5.3. Comparative Analysis of Three Algorithms in Financial Investment Portfolio

As shown in Figure 4, a random analysis of four groups of ten shares is conducted for comparative analysis, and the most characteristic analysis results are obtained. Comparing the return risks of the three asset portfolios, the returns and risks in combination with the largest objective function are both less than the target return and risk of the smallest combination of functions. This is in line with the investment habits of investors. The benefits obtained through genetic algorithms are large. Although it is a risky asset, it is often the higher return that investors want to get to make up for the possibility of too much risk. This part of the risk is reduced and accompanied by high returns. In the process of investment, investors consider more about the risk of this asset, and the risk cannot be higher than the expectations and thresholds in their hearts. It can be seen that the optimization of the portfolio through genetic algorithms avoids this very well. Therefore, genetic algorithm optimization can have a good reference value for financial investment.

The genetic algorithm toolbox is a set of general tools constructed using MATLAB matrix functions to implement a variety of genetic algorithm methods. Genetic algorithm toolbox is a set of routines, mainly written in m files, which implement the most important functions of genetic algorithms.

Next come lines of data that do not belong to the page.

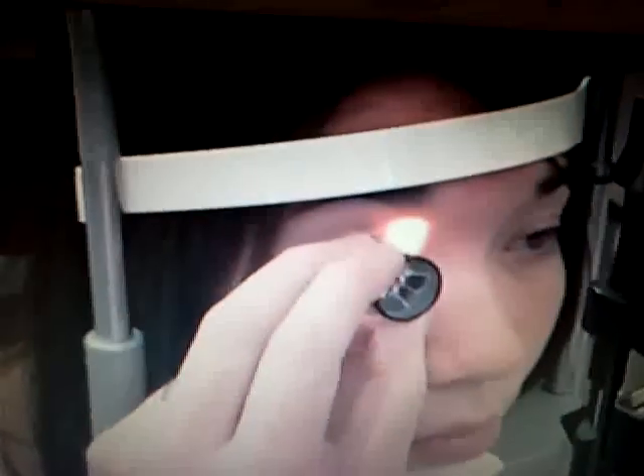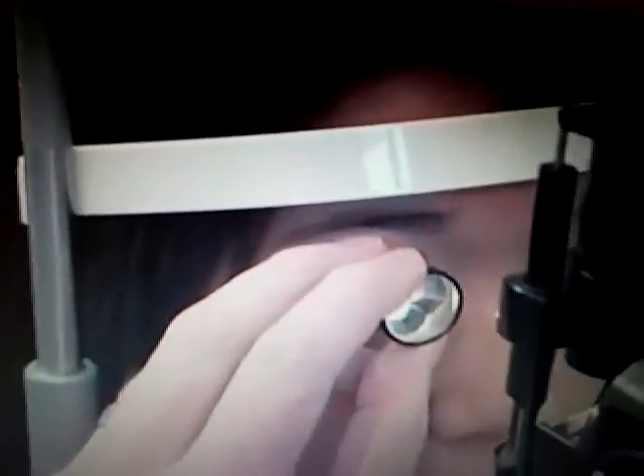Tall clinicians might find the handle of the Zeiss or Sussman lens to be awkward. The Sussman lens might be a good alternative because it does not have a handle. The Sussman lens is an excellent lens, but I find that the long brow makes it difficult for me to observe the light source from my oculars. For tall clinicians, it is a wonderful lens.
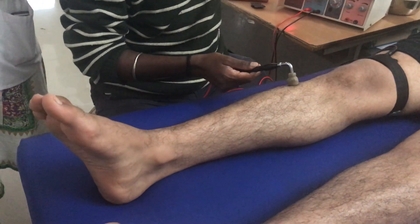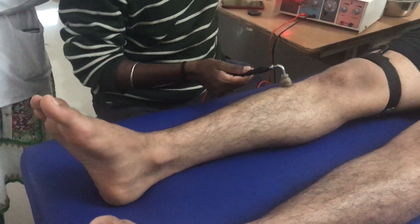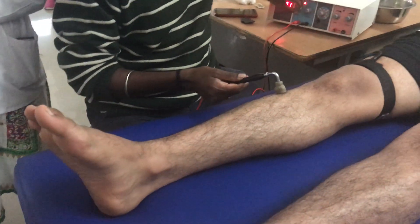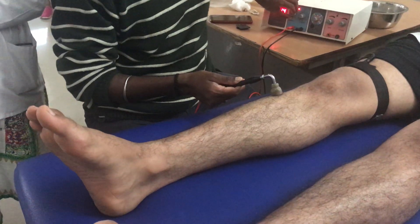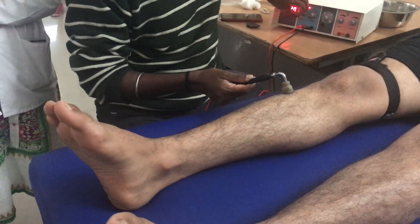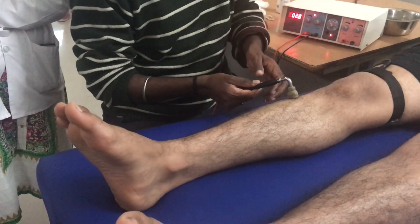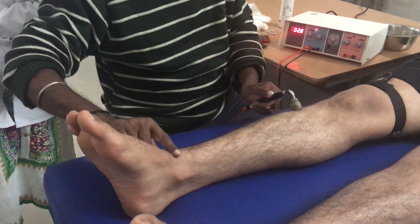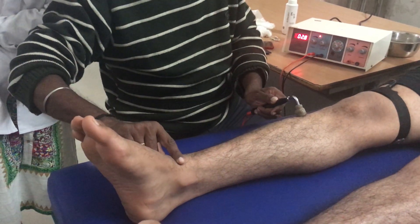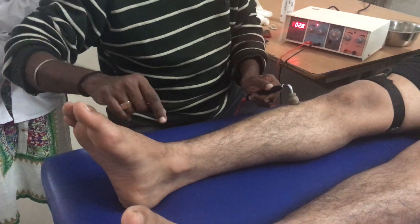I am going for 300ms and I am going to increase the intensity slowly. Once you start slowly increasing the intensity, I am looking for a minimum palpable contraction, not a visible contraction. So I am going to palpate for the tibialis anterior.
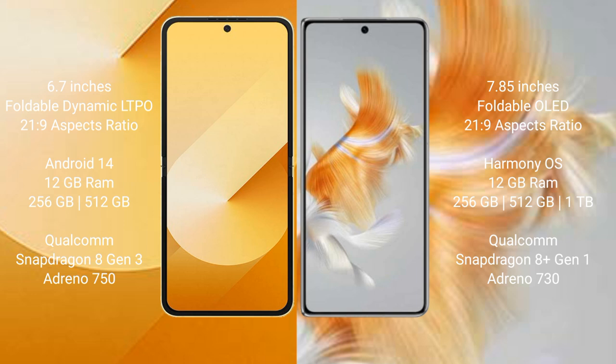Samsung Galaxy Z Flip 6 runs on the Android 14 operating system. Huawei Mate X3 runs on the HarmonyOS operating system.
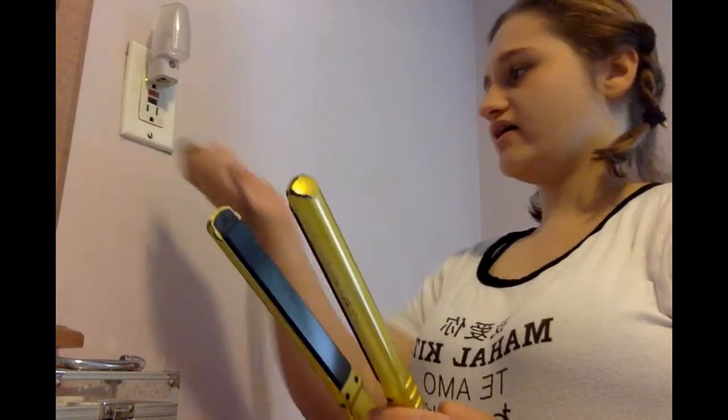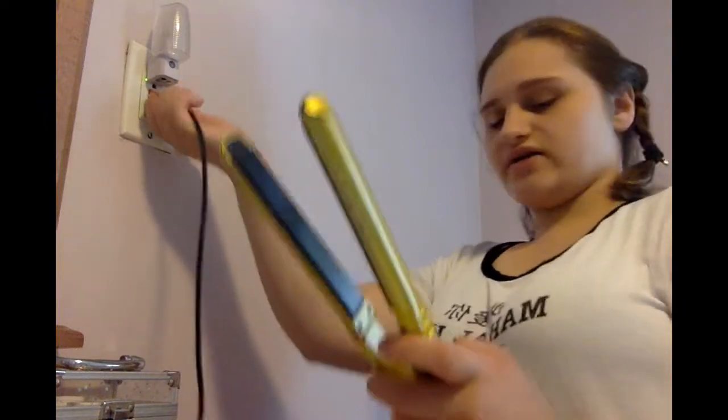If you noticed in the beginning of the video where I did my intro, my hair was already in braids — that's because I pre-did it in braids. You're gonna have to divide your hair in half and put them in two braids. First, you're gonna have to go get your straightener and plug it in and turn it on.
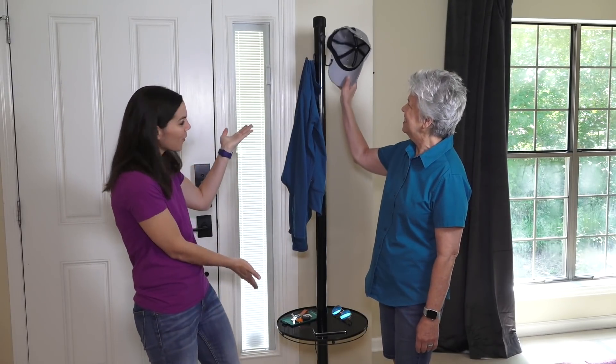A couple weeks ago my neighbor texted me a picture of an old lamp that she had and said, do you and your mom have a use for this? So I texted it to mom and mom said take it home, we're gonna figure out a way to use this. So mom had the vision to turn the old lamp into a coat rack.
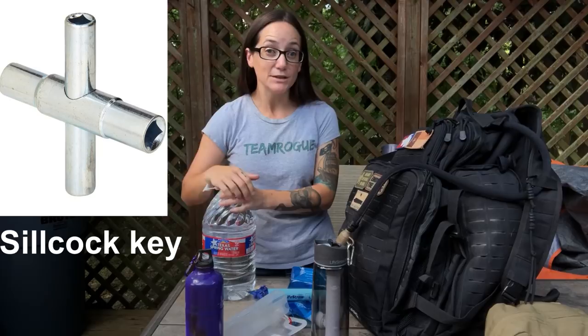You can always carry a Silcock key — I'll put a picture right here. If you're in an urban environment you can get water from buildings. The Silcock key is invaluable — I have it in my get-home bag, bug out bag, and all my systems, especially for urban and city purposes.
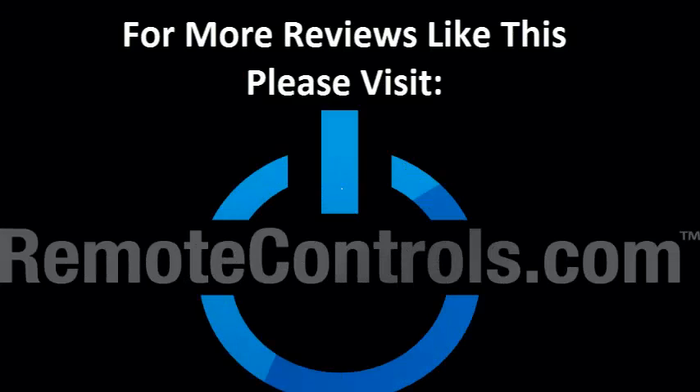For more reviews like this, please visit www.remotecontrols.com.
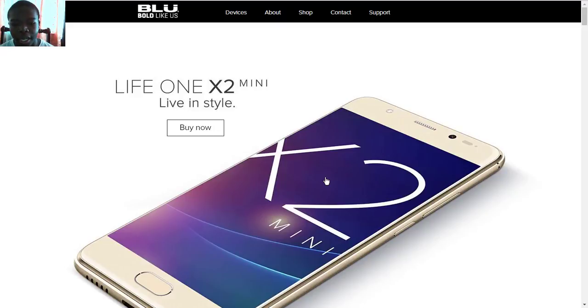Hello everyone, Keith Gordon Tech Guy here with another video. Today I'm going to talk about the BLU Life One X2 Mini living style, so let's look at this lower, or should I say budget, version of the BLU Life One X2.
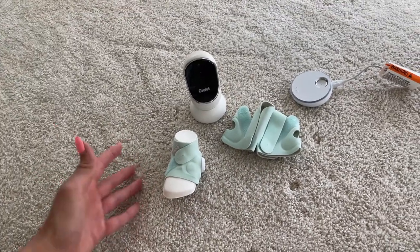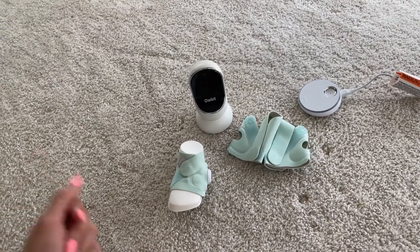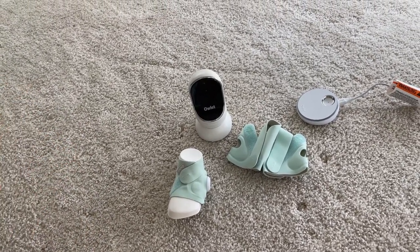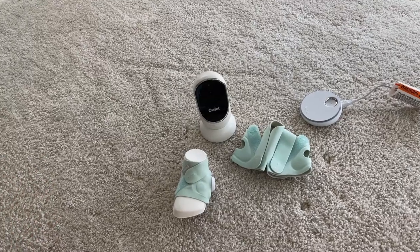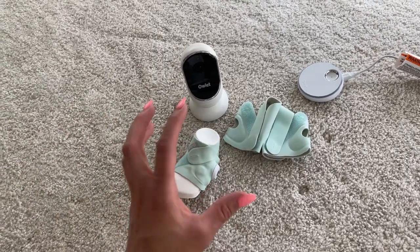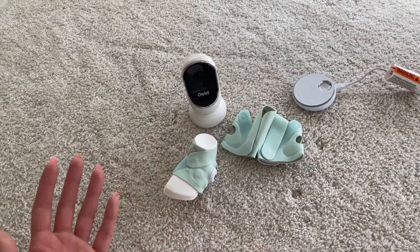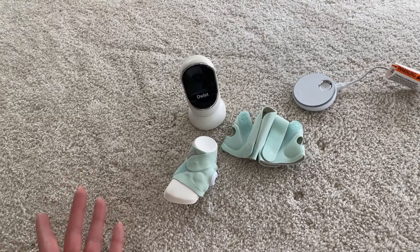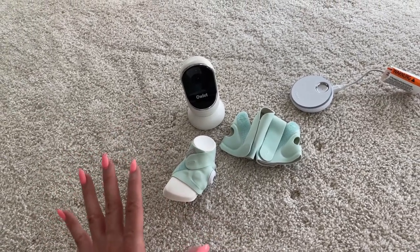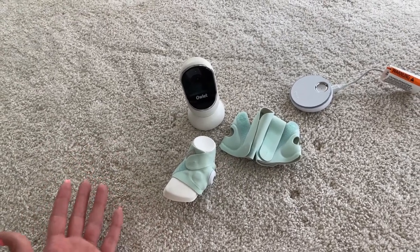You should definitely look into it, see all the features that it has, and see if this is a good fit for you. But for me it really helped with my anxiety — I just slept through the night a lot better knowing that my baby was safe. At least I would get some type of alert if anything was happening to her, and that made me feel a lot better and I got more rest through the night.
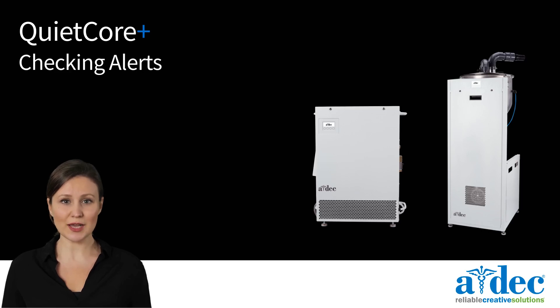In this video, we will discuss checking alerts on a QuietCore Plus Vacuum or Compressor.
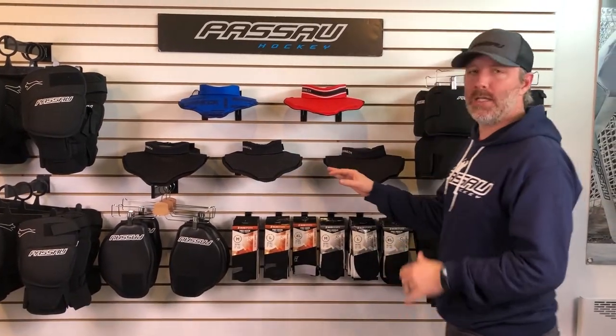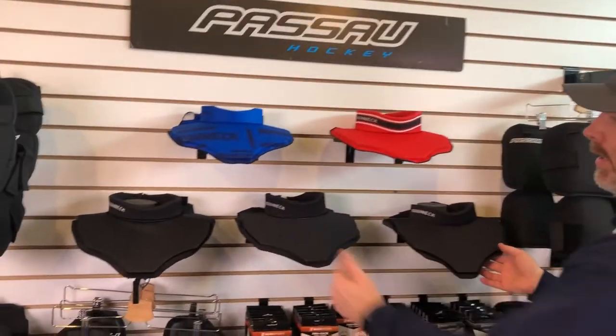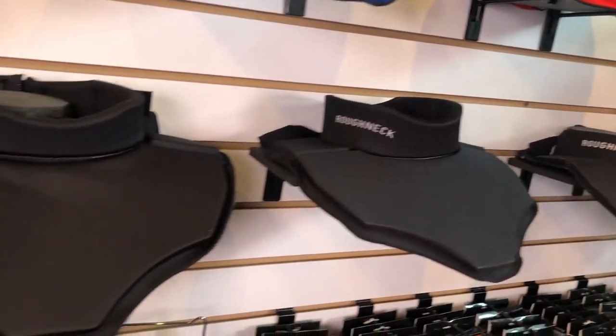Now we're going to take a look at the packages and the sizing. First, you have basically two packages available. The first one is the black and white logo, which is the standard package available online right now — you can order it and we ship it to you right away.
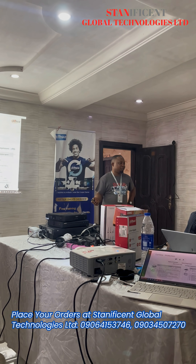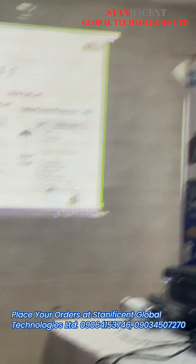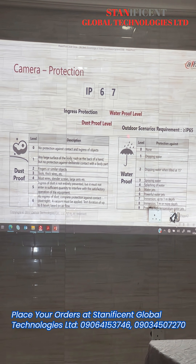Every camera you are buying, if it is outdoor, you must check the ingress protection.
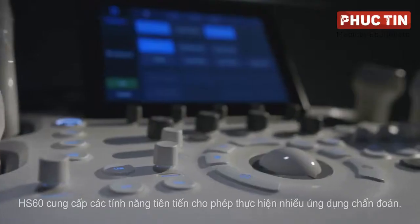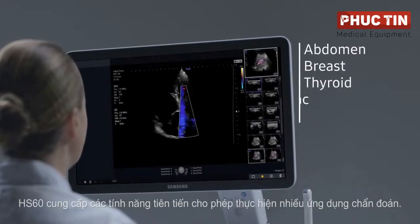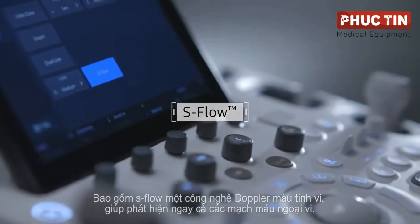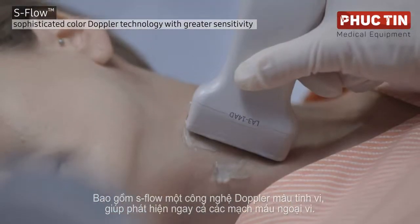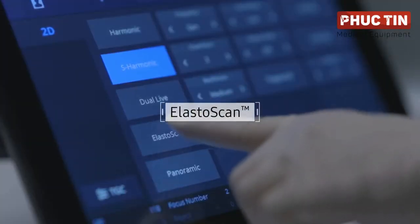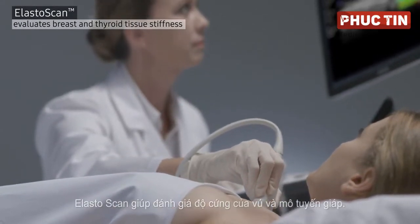The Hs60 provides advanced features that allow for a wide range of diagnostic applications, including S-Flow, a sophisticated color Doppler technology helping to detect even peripheral blood vessels, and Elastiscan, helping to evaluate breast and thyroid tissue stiffness.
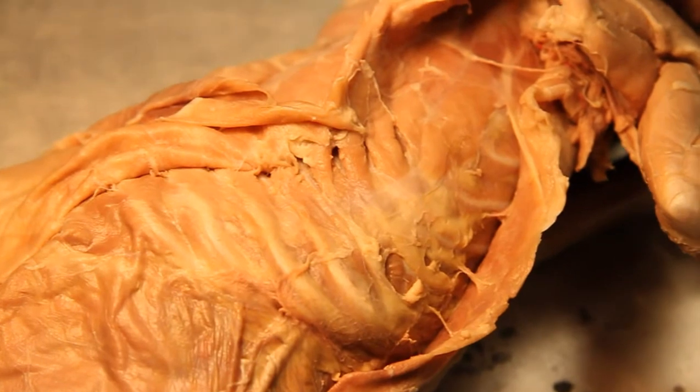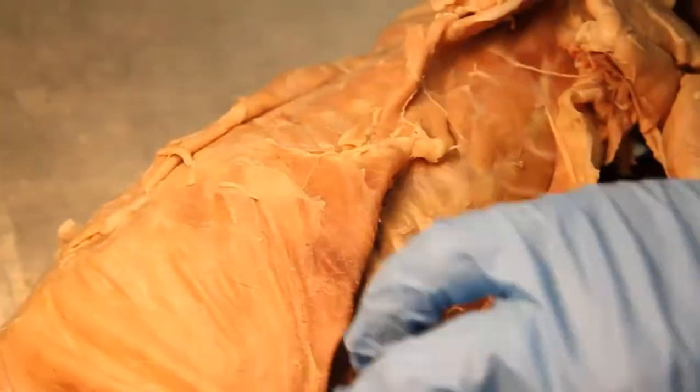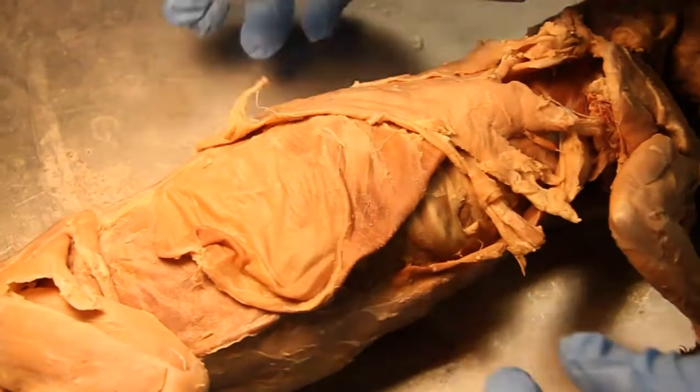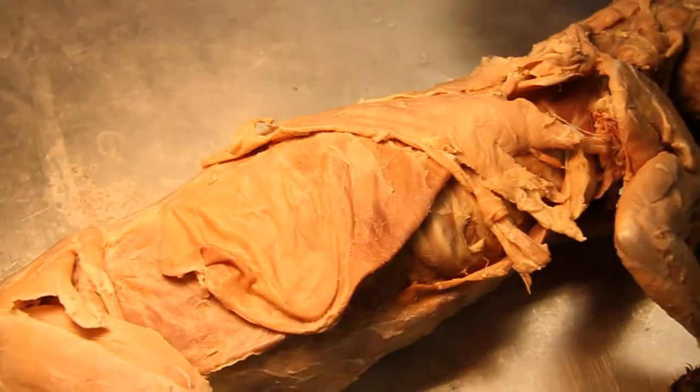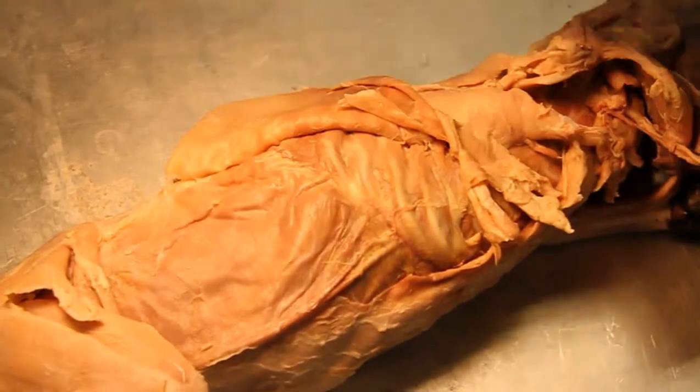What's that flap on top that's hanging up the whole thing? That is the external oblique. So when we peel that off, what do we have here? The internal oblique.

In general, the advantages of financial portfolio investment are risk diversification, better avoidance and reduction of risks, and relatively stable returns. The disadvantage is that it requires a large number of funds.

6. Conclusions

(1)In terms of risk control, the genetic algorithm model is superior to the quadratic programming method. It shows that, to a certain extent, the model built by the genetic algorithm is not only simple and easy to implement but also far superior to the international standard quadratic programming algorithm in terms of scientific effect. In addition, if the number of high-quality securities products in the algorithm combination model becomes more, due to the inherent parallelism of the genetic algorithm combination model, its competitive advantage will be more obvious, and we will be able to obtain better social and economic benefits.(2)The results show that the optimization results of the genetic algorithm for the financial portfolio problem are ideal. Compared with the optimal return rate, the risk value is also significantly reduced, the optimization result is obvious, the optimal return rate obtained is group G 0.068, and the poor rate of return is only 0.03. According to the value obtained by the genetic algorithm, the risk f = 0.81 can be calculated from the known objective function formula, which is significantly improved compared with the quadratic planning result.(3)Experimental data shows that the minimum risk of portfolio optimization by the genetic algorithm is reduced by about 40% and the maximum return is increased by about 25%. The risk reduction is better than the quadratic planning method, and it can also obtain the same benefits as the quadratic planning method. Financial capital needs to be strong. Overall, genetic algorithms have obvious effects on financial portfolio problems, which is conducive to reducing transaction costs. In many financial trades, they can eventually obtain a large amount of financial capital. This optimization method has obvious practical significance.

Data Availability

No data were used to support this study.

Conflicts of Interest

The authors declare that there are no conflicts of interest with any financial organizations regarding the material reported in this manuscript.